Les principales caractéristiques des pièces d’artillerie pour survivre sur le champ de bataille d’aujourd’hui
Paramètres de sauvegarde dans la zone de déploiement des canons
Le moyen de frappe prédominant contre les pièces d’artillerie est les MTO. La notion de précision qui s’applique à ces munitions dépasse celle que l’on conçoit pour les munitions d’artillerie ou aériennes : elles permettent de frapper une partie très précise du système d’arme. Nous sommes entrés dans l’ère de l’ultraprécision. Les MTO FPV (First person view) sont des drones quadricoptères capables de voler à basse vitesse. Ils peuvent viser une partie aussi étroite que le tube ou la culasse (5), ou entrer dans le véhicule. Les munitions rapides, telles que le Lancet, doivent viser une partie plus volumineuse du véhicule, telle que la cabine ou la tourelle. Toutes ces munitions peuvent aisément frapper des véhicules en mouvement. C’est parce qu’obus ou roquettes étaient incapables de poursuivre un objectif mobile qu’il était autrefois essentiel de frapper une pièce aussi vite que possible après l’avoir localisée.
Frapper un objectif avec une MTO offre beaucoup plus d’options, mais leur capacité d’emport en explosif est réduite : la majorité des Lancet n’en contiennent que 3 kg (6). Leur rôle est donc le plus souvent de chercher à provoquer une explosion des munitions transportées par la pièce d’artillerie. Or, au sein d’une force terrestre, peu de véhicules transportent autant d’explosif et de poudre qu’une pièce d’artillerie. Lorsque les munitions transportées détonent, l’explosion est catastrophique ; lorsque seuls les 3 kg de la MTO explosent, les dégâts sont le plus souvent réparables.
Le premier facteur différenciant les pièces d’artillerie est donc désormais leur capacité à se déplacer sans munitions et à pouvoir tirer des munitions prédéployées sur une position de tir par un autre vecteur (7). Certaines pièces – comme le M‑109 ou le CAESAR – sont en mesure de le faire grâce à leur architecture et au nombre de personnels qui les servent, alors que d’autres ne le peuvent pas, comme la plupart des canons automatisés, où l’introduction des munitions dans les systèmes de chargement se fait une par une. Une pièce d’artillerie qui transporte ses munitions et leurs charges est une bombe roulante dont le détonateur est une MTO (8). Si elle transporte 40 obus explosifs, cela représente 320 kg d’explosif et 840 kg de charges propulsives (9), soit près de 400 fois plus de matière active qu’une MTO contenant 3 kg d’explosif.
Le moyen de détection et de localisation des pièces d’artillerie prédominant étant le drone, nous sommes désormais dans l’ère de la transparence du champ de bataille. Ils peuvent être orientés par les radars de trajectographie ou par les capteurs acoustiques après un tir, mais eux seuls sont capables de détecter un canon à tout moment, sans qu’il ait eu à tirer. Ces pièces peuvent certes être détectées par un drone alors qu’elles sont sur la position de tir : la rapidité de sortie de batterie reste donc importante, car elle permet d’empêcher que l’ennemi ait de temps de riposter avec son artillerie. Mais toute pièce qui quitte la position de tir en moins d’une minute après le dernier coup échappe à un tir de contre – batterie classique, si le tir a duré une minute (10).
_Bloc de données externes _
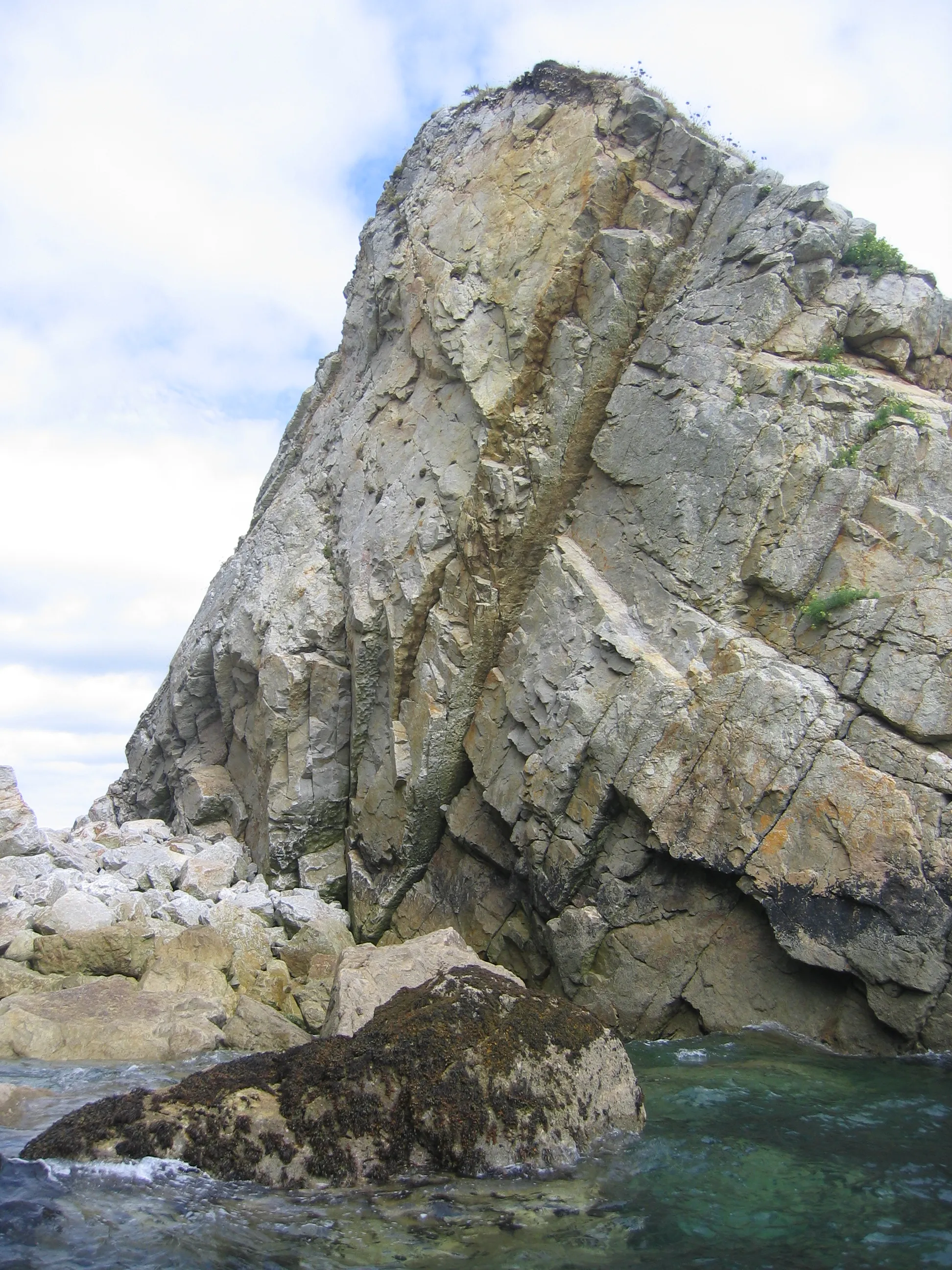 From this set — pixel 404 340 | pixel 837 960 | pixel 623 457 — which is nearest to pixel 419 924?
pixel 837 960

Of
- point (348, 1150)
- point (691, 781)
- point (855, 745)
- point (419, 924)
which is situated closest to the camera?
point (348, 1150)

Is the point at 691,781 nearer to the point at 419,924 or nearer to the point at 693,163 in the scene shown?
the point at 419,924

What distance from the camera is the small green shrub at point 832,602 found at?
13.6m

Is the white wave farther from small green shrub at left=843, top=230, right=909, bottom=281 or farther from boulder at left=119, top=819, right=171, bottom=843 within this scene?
small green shrub at left=843, top=230, right=909, bottom=281

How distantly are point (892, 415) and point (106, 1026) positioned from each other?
1515 cm

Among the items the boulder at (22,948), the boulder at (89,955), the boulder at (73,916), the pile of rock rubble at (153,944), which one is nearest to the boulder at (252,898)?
the pile of rock rubble at (153,944)

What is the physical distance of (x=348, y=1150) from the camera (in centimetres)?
764

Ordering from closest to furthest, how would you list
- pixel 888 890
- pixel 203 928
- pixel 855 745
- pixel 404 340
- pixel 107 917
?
pixel 888 890, pixel 855 745, pixel 203 928, pixel 107 917, pixel 404 340

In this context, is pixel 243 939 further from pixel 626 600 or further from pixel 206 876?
pixel 626 600

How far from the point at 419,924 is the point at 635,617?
7485mm

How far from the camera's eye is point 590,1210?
7.01 meters

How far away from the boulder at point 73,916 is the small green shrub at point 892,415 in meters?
15.6

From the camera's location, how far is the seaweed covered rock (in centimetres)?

La fumée des tirs attire souvent l’attention des drones, ce qui fait dire à certains artilleurs qu’il est encore nécessaire de quitter la position de tir aussi rapidement que possible. Mais aujourd’hui, plus que les quelques secondes gagnées à la sortie de batterie, le facteur le plus important est que le canon quitte la position de tir sans aucune munition ni charge à bord.
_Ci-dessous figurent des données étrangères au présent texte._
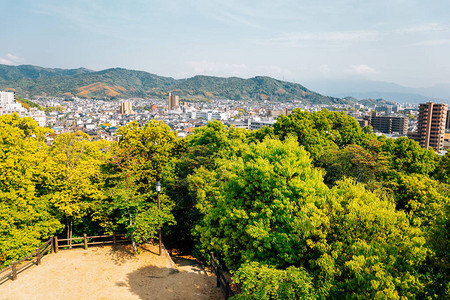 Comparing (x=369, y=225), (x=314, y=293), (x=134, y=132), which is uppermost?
(x=134, y=132)

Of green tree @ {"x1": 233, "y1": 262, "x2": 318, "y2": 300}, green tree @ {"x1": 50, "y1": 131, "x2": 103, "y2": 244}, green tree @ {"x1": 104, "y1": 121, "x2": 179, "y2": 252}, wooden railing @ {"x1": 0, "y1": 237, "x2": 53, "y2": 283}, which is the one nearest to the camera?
green tree @ {"x1": 233, "y1": 262, "x2": 318, "y2": 300}

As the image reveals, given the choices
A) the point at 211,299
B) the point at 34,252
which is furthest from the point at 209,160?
the point at 34,252

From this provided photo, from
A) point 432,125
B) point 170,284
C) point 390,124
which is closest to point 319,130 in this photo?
point 170,284

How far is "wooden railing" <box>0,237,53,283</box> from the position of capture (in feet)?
38.2

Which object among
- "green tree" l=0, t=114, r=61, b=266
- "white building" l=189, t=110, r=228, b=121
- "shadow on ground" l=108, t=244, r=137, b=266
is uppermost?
"white building" l=189, t=110, r=228, b=121

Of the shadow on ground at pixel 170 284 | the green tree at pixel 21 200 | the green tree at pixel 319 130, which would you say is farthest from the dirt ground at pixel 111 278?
the green tree at pixel 319 130

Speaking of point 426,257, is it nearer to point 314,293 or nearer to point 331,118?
point 314,293

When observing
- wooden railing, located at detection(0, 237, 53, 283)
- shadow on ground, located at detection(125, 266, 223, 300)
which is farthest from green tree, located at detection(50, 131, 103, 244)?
shadow on ground, located at detection(125, 266, 223, 300)

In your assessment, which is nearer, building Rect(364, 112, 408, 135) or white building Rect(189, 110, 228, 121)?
building Rect(364, 112, 408, 135)

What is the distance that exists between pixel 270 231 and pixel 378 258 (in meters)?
3.15

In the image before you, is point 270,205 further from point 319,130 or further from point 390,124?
point 390,124

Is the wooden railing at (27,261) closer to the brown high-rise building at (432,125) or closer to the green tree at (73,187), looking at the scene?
the green tree at (73,187)

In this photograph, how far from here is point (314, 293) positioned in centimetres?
710

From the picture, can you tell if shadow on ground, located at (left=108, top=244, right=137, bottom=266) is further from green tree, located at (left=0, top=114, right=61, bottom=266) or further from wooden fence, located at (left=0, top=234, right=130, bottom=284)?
green tree, located at (left=0, top=114, right=61, bottom=266) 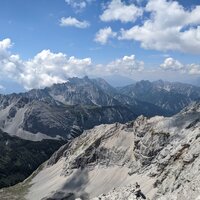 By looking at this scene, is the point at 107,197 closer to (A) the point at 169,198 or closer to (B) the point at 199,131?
(A) the point at 169,198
Puisque le drone peut détecter une pièce à tout moment, d’autres phases de la manœuvre de l’artillerie rendent désormais les canons plus vulnérables : le réapprovisionnement en munitions et en carburant. Certaines pièces d’artillerie mettent jusqu’à 40 minutes pour se réapprovisionner en munitions manuellement ou avec un ravitailleur automatisé. S’il est décidé qu’un CAESAR 6 × 6 emporte ses munitions, il ne faudra qu’une minute à son équipe de pièce pour le réapprovisionner. Cette différence est due au fait que les canons automatisés ne disposent que d’une alvéole de chargement permettant le chargement d’un obus à la fois, alors qu’il est possible de réapprovisionner plusieurs obus en même temps sur les systèmes à casiers latéraux, en fonction du nombre de personnels.